- Born: 15 June 1885 Bayt al-Sayyid, Bani Hushaysh District, Yemen Vilayet, Ottoman Empire
- Died: 21 June 1948 (aged 63) Hajjah Governorate, Mutawakkilite Kingdom of Yemen
- Cause of death: Execution
- Known for: Leader of the Yemeni armed forces during the reign of Abdullah al-Wazir
- Office: Emir of Taiz Liwa
- Spouse: Fatimah bint Abu Ras
- Children: Ibrahim al-Wazir Zayd al-Wazir Ahmad al-Wazir Qasim al-Wazir Abbas al-Wazir Mohammed al-Wazir Abdullah al-Wazir
- Relatives: Mohammad bin Abdullah al-Wazir Abdullah al-Wazir Atyaf al-Wazir

= Ali bin Abdullah al-Wazir =

Ali bin Abdullah al-Wazir (15 June 1885 – 21 June 1948) was a Yemeni military commander, politician, and prince of the al-Wazir family. He served as commander of the Yemeni armed forces during the reign of Imam Abdullah al-Wazir and was the Emir of Taiz Liwa in the Mutawakkilite Kingdom of Yemen. He was also one of the leaders of the Constitutional Revolution against Imam Yahya Muhammad Hamid ed-Din.

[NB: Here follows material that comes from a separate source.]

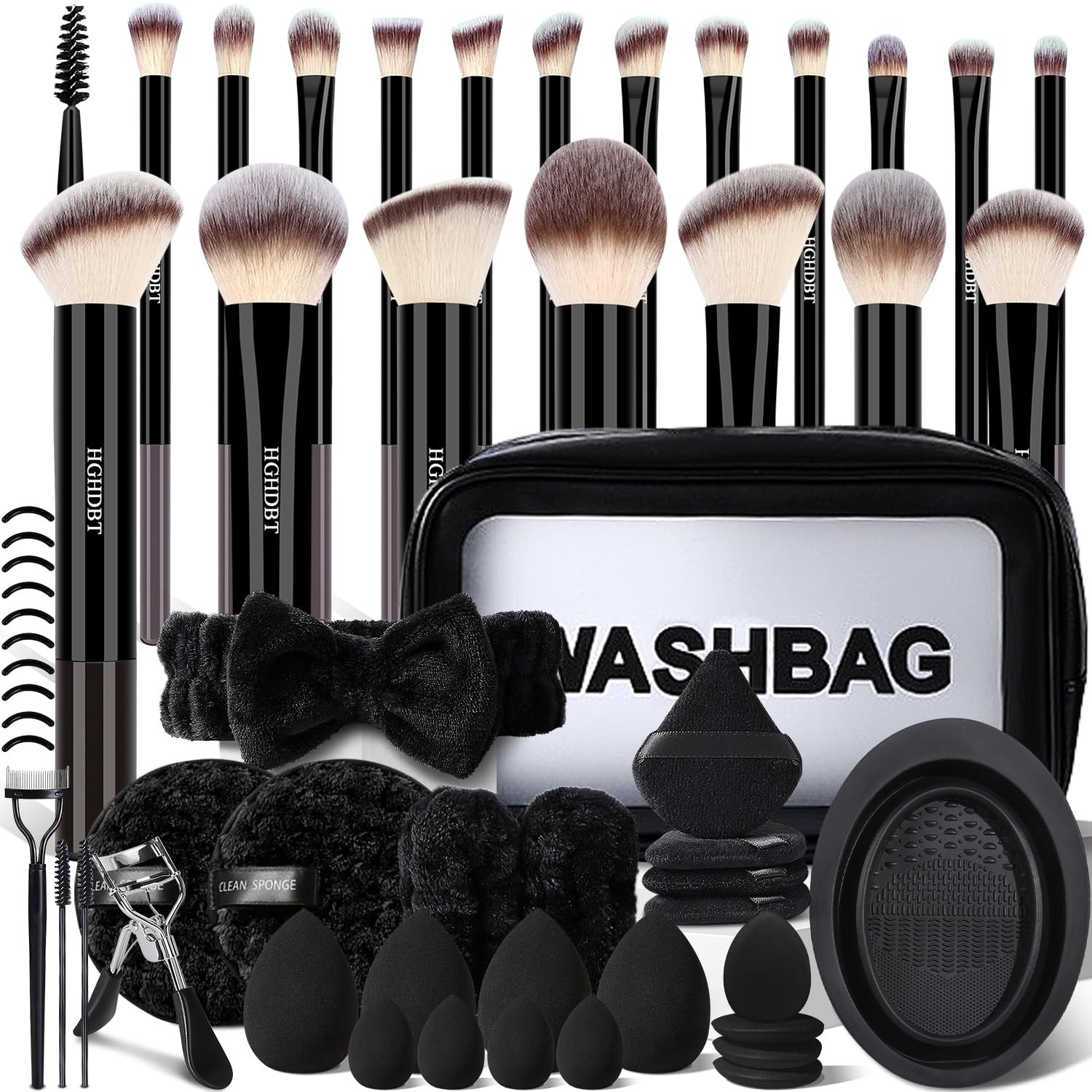 HGHDBT 57Pcs Black Makeup Brushes Set Professional with Case Premium Synthetic for Foundation Concealer Blush Eye Shadow Powder Eye & Face Make up Brush Kit with Beauty Blender Sponge Set Tools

He was born in Bayt al-Sayyid, a village in Bani Hushaysh District, on 15 June 1885.

== Education ==
At the age of five, al-Wazir enrolled in a traditional school in the al-Abna area of Bani Hushaysh, where he studied the Quran, writing, and basic arithmetic under Sheikh Ahmad Ali Jarallah. He later moved to Al-Rawdah, where he studied Islamic sciences, Quranic recitation, and Arabic grammar at its Grand Mosque under Ali bin Ahmad al-Sadmi and Abdullah bin Abdul Karim Abu Talib. He subsequently moved to Sana'a to continue his studies in its mosques under Ahmad bin Mohammed al-Arasi, Ali Hussein al-Maghribi, and Ali bin Hassan Sanhoub.

== Ottoman period ==
Al-Wazir joined the forces of Imam Yahya Muhammad Hamid ed-Din in fighting the Ottoman Army in Yemen and participated in the siege of Sana'a in 1911. Following the Treaty of Da'an between Imam Yahya and the Ottoman Empire, he served as governor of Bani Matar, al-Basatin, and Haraz from 1912 to 1919.

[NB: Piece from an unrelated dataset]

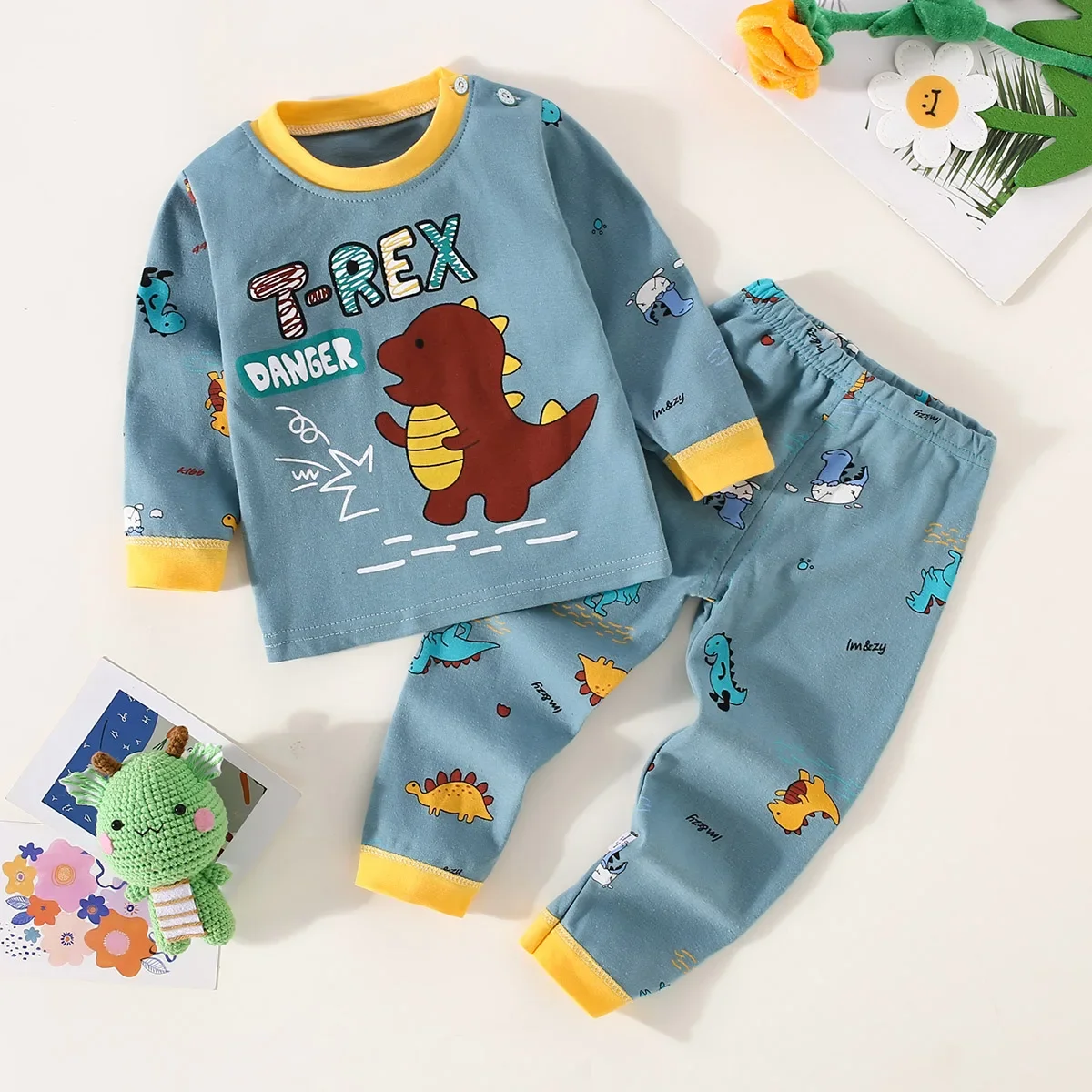 Toddler Boys Underwear Set Cotton Lettering And Bear Pattern Long Sleeve Top And Matching Pants Pajama Set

== Mutawakkilite Kingdom ==
In 1919, al-Wazir led the forces of the Mutawakkilite Kingdom in campaigns to establish control over Taiz Liwa. He suppressed the rebellion in Hubaysh and extended his control over al-Udayn and Dhi Sufal. He also achieved victories in the battles of Jabal Saber and the fortress of al-Maqatirah.

By 1921, he had consolidated control over the entire Taiz Liwa and incorporated it into the Mutawakkilite Kingdom of Yemen. In 1920, he formed the Fourth Liwa Brigade composed entirely of recruits from Taiz Liwa, and in 1927 he established the Eighth Liwa Brigade, also composed entirely of men from Taiz Liwa.

== Constitutional Revolution ==
Al-Wazir participated in the 1948 Constitutional Revolution against Imam Yahya. Following the victory of Imam Ahmad bin Yahya over the revolutionaries, he was imprisoned with other revolutionary leaders in Cairo Castle in Hajjah and was executed on 21 June 1948.